Frapper les cieux d'alignement

 

A l'homme des villes nouvelles on crie « attention à la rue, attention aux voisins, attention aux excès, insécurité, insécurité » pour transformer ses souvenirs en pièges redoutables, arracher ses nostalgies à la racine et l'inciter à se réfugier dans un décor rassurant où des fontaines artificielles éclairées au néon projettent des gouttes de polystirène multicolores.

« A la Défense, aucun élève de maternelle ou de primaire n'aura à traverser de voie automobile » (Bulletin d'information EPAD n° 12). Apprenons leur aussi à nager sur un pliant, devant une photo de la mer, de peur des embruns, et reléguons l'aventure au rang des accessoires pour fanas de western. Vive l'air conditionné, les ascenseurs ultra-rapides, la sécurité sociale, les assurances tous risques, le changement dans la continuité, et pour finir madame, mademoiselle, monsieur, comme le prévoyait le génial Boris Vian, voici la cage tout confort pour élever les enfants sans danger.

 

 

Extrait de « Frapper les cieux d'alignement », écrit en 1978, il y a 35 ans. Je n'étais pas la seule à dénoncer les risques d'une urbanisation inhumaine et la dérive qui transforme le légitime besoin de sécurité en terrorisme sécuritaire, où chaque geste de la vie quotidienne est réglementé avec sanctions à l'appui, moyen le plus sûr d'infantiliser les personnes au lieu de les habituer à prévenir et assumer elles-mêmes les risques de la vie.
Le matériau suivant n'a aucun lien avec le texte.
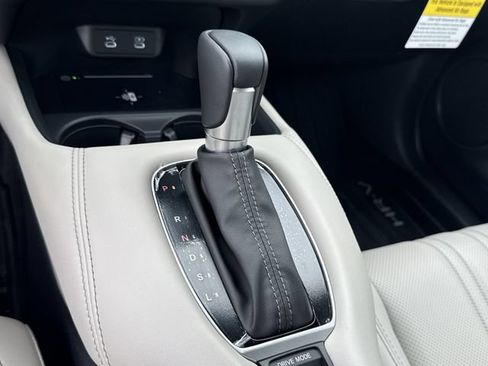 New 2027 Honda HR-V EX-L image 32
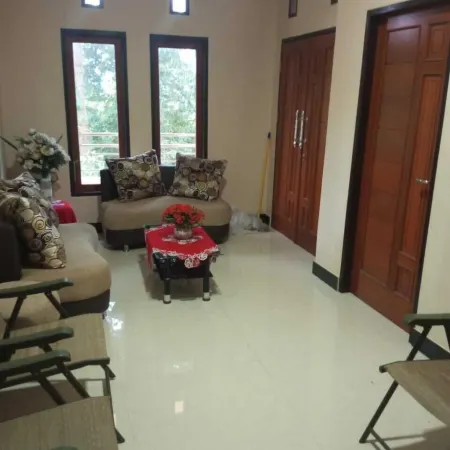 Gloria Guest House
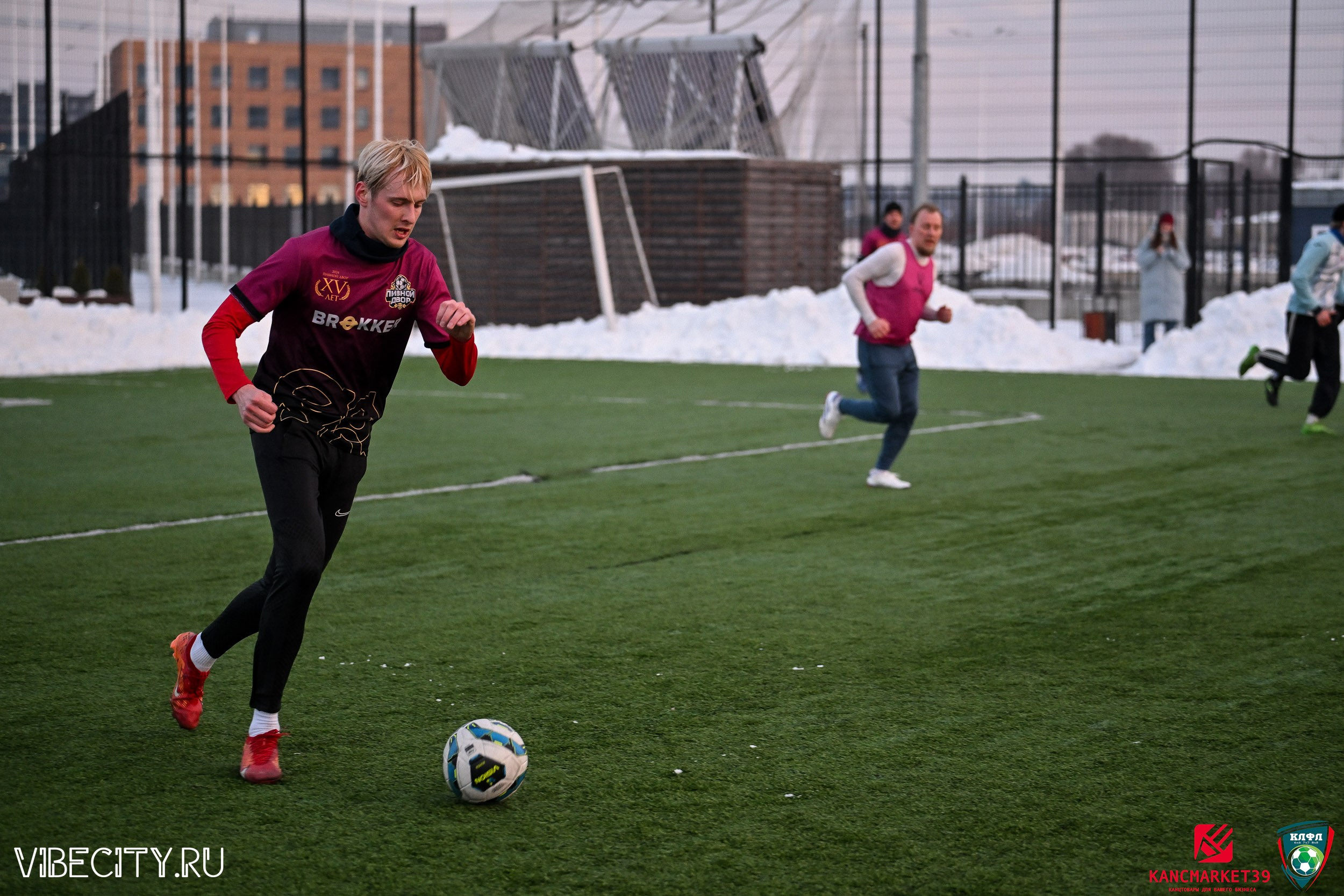 Калининградская Любительская Футбольная Лига, Премьер лига 14 тур, Бауцентр-Пивной двор. VIBECITY.RU Вайб Сити Ру Фоторепортажи Фотоотчеты Калининград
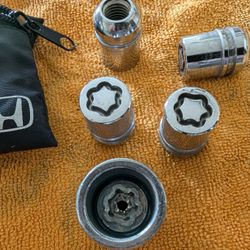 Honda OEM Wheel Lock Set 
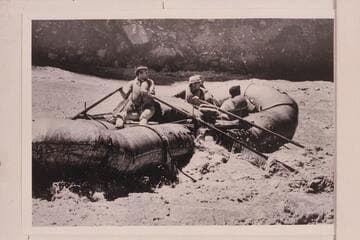 Hatch crew in Warm Springs Rapid, Yampa River. Boulder, Colorado. The use of oar pins and the general haywire rig provide dangerous elements to the point of negligence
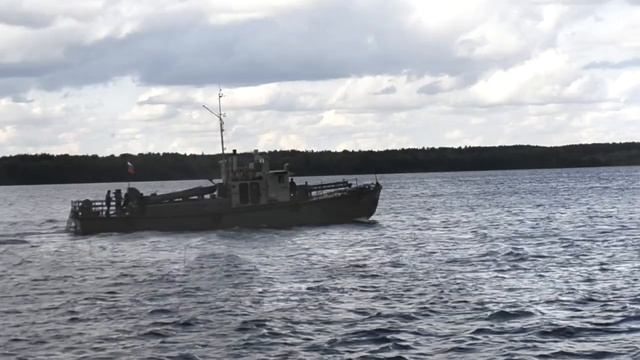 Туристический причал в пасмурную погоду (г. Мариинский Посад).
fou3.jpgt-shirt_2_petit.jpgA quoi a servi ce livre, que j'avais envoyé à François Mitterrand lorsqu'il s'était ému de la violence dans les banlieues (déjà!) ? Il m'avait répondu en me proposant une entrevue que j'attends encore, et comment ont évolué les banlieues, désormais appelées « cités » ou « quartiers » ? Comme c'était prévu dans mon livre: vers la violence, attisée par la crise économique, dont on parlait déjà depuis 1973 (premier choc pétrolier)

Alors écrire pour dénoncer, informer... Parfois je me dis qu'Internet, et notamment Facebook, sont un gigantesque défouloir pour permettre aux gens de se dire qu'ils agissent en publiant une info ou en signant une pétition, alors que les responsables réels des dégâts ne sont en aucune façon inquiétés, un succédané affectif pour trouver du réconfort ou de l'admiration en collectionnant les "like".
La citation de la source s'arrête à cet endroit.